2. And he said, The Lord will roar from Zion, and utter his voice from Jerusalem; and the habitations of the shepherds shall mourn, and the top of Carmel shall wither.

2. Et dixit, Jehova e Sion ruget, et e Jerusalem edet (vel, emittet) vocem suam; et lugebunt (vel, disperibunt) habitacula pastorum; et arescet (vel, pudefiet) vertex Carmeli. 1717     Rendered literally from the Hebrew, this verse is a fine specimen of sublime simplicity: the poetical inversion of words is preserved: —
And he said,—

   Jehovah from Zion will roar,
And from Jerusalem will he send forth his voice;
Then mourn with the inhabitants of shepherds,
And wither will the top of Carmel.

   The roarings of lions are dreadful to shepherds.

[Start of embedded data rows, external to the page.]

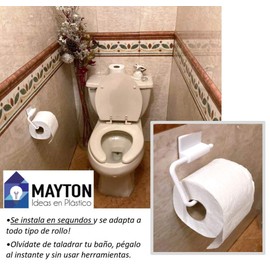 MAYTON Porta Rollo de Papel de Baño Blanco Adherible - Pégalo en Cualquier Superficie Lisa sin Utilizar Herramienta y comiénzalo a Usar!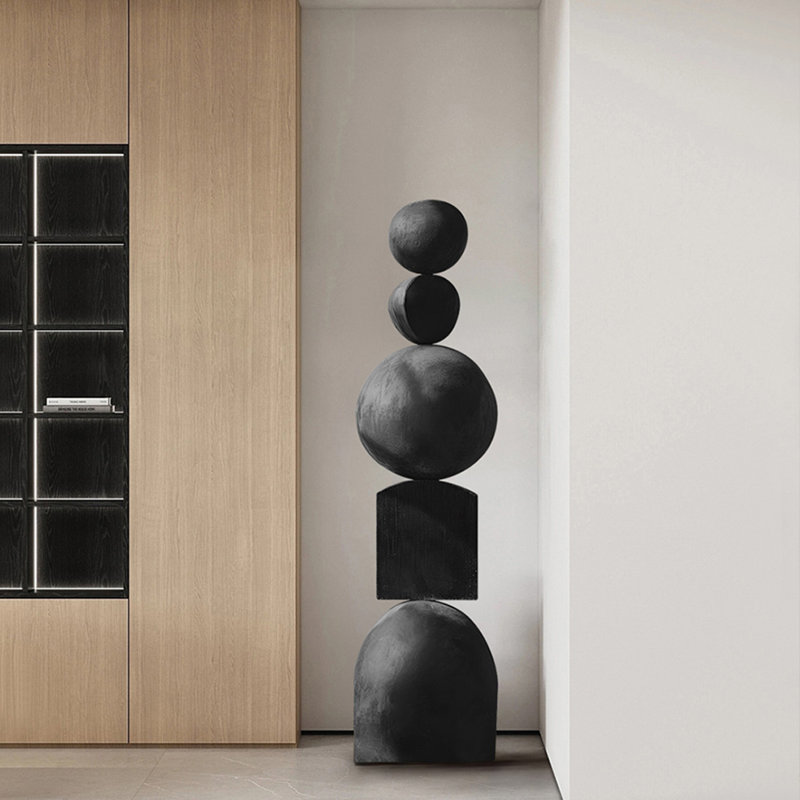 Black Orb Solid wood Decorative Object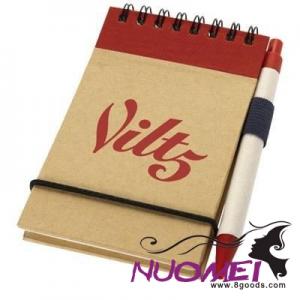 D0620 ZUSE A7 RECYCLED JOTTER NOTE PAD with Pen in Natural-red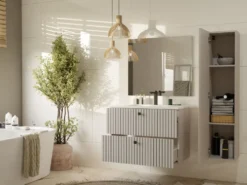 Pensile bagno sospeso 31x135 cm con anta battente beige PBT4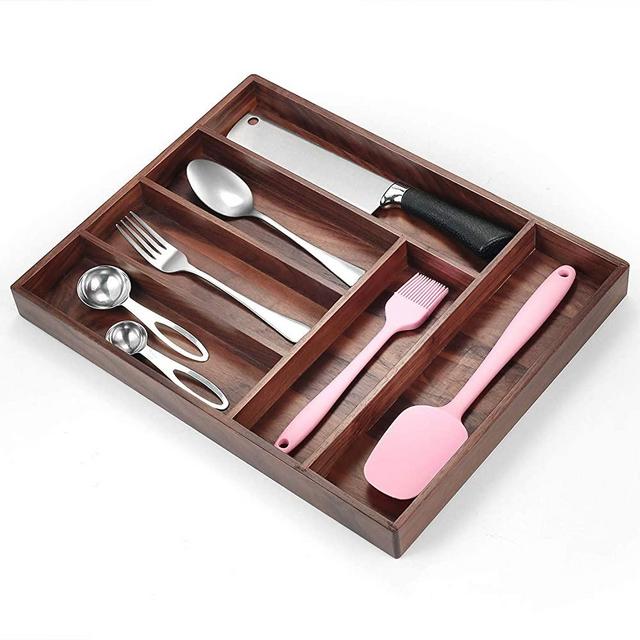 Bamber Walnut Wood Kitchen Drawer Organizer Wooden Silverware Flatware Utensils Cutlery Tray Storage Holder with 6 Compartments, 15.9 x 12.5 x 1.5 Inches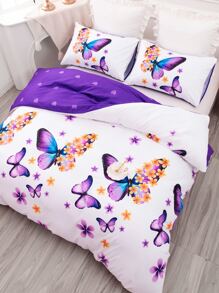 3入組/套花卉和蝴蝶圖案被套套裝1入組被套和2入組枕套家居布藝床上用品四季皆宜 - 彩色 - 查看 1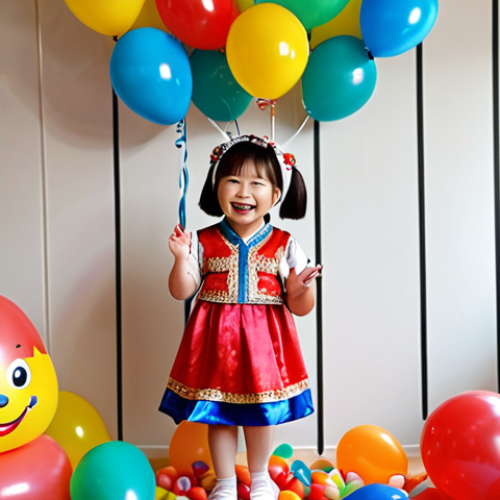 Home 11 A child in a Kongsuni costume, smiling brightly, surrounded by colorful balloons and decorations at a birthday party in a cozy apartment.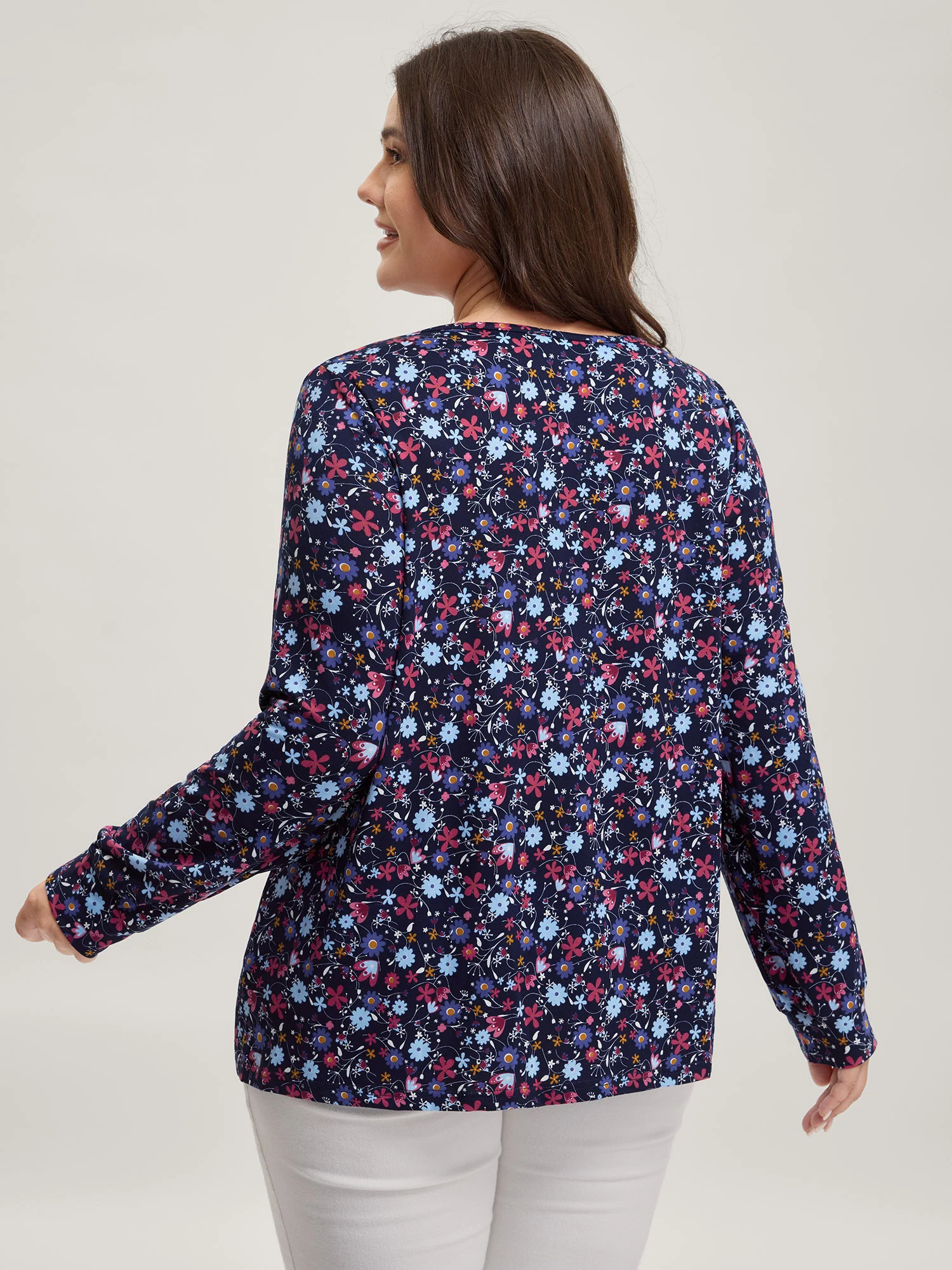 Floral Print Contrast Flowy Knit Top - Image 4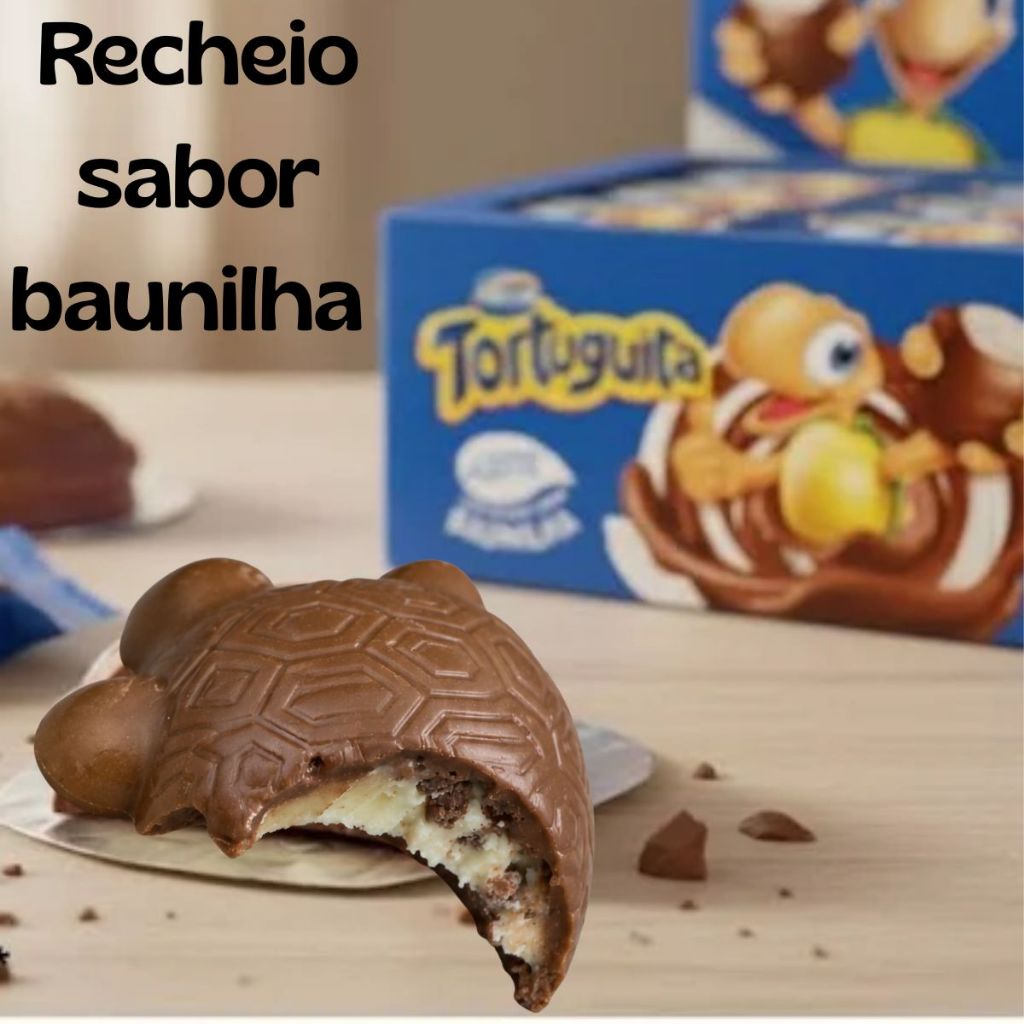 Kit 6 unidades Tortuguitas Chocolate Recheio Sabor Baunilha 15,5G Arcor — imagem 2 de 2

God’s voice is either of mercy or of judgment; it is the latter here, and evidently that of drought, (see Amos 5:6,) as the withering of Carmel was to be the effect. — Ed.


He employs here the same words which we explained yesterday in the Lecture on Joel; but for another purpose. By saying, ‘Jehovah from Zion shall roar,’ Joel intended to set forth the power of God, who had been for a time silent, as though he was not able to repel his enemies. As God was then despised by the ungodly, Joel declares that he had power, by which he could instantly break down and destroy all his enemies and defend his Church and chosen people. But now Amos, as he addresses the Israelites, does here defend the pure worship of God from all contempt and declares to the Israelites, that how much soever they wearied themselves in their superstitions they still worshipped their own devices; for God repudiated all the religion they thought they had. There is, then, to be understood an implied or indirect contrast between mount Zion and the temples which the first Jeroboam built in Dan and Bethel. The Israelites imagined that they worshipped the God of their father Abraham; and there were in those places greater displays (pompae — pomps) than at Jerusalem. But the Prophet Amos pours contempt on all these fictitious forms of worship; as though he said, “Ye indeed boast that the God of Abraham is honored and worshipped by you; but ye are degenerate, ye are covenant breakers, ye are perfidious towards God; he dwells not with you, for the sanctuaries, which you have made for yourselves, are nothing but brothels; God has chosen no habitation for himself, except mount Zion; there is his perpetual rest: Roar then will Jehovah from Zion.”

We now see what the Prophet had in view: for he not only shows here, that God was the author of his doctrine, but at the same time distinguishes between the true God and the idols, which the first Jeroboam made, when by this artifice he intended to withdraw the ten tribes from the house of David and wholly to alienate them from the tribe of Judah: it was then that he set up the calves in Dan and Bethel. The Prophet now shows that all these superstitions are condemned by the true God: Jehovah then shall roar from Zion, he will utter his voice from Jerusalem. He no doubt wished here to terrify the Israelites, who thought they had peace with God. Since, then, they abused his long-suffering, Amos now says that they would find at length that he was not asleep. “When God then shall long bear with your iniquities, he will at last rise up for judgment.”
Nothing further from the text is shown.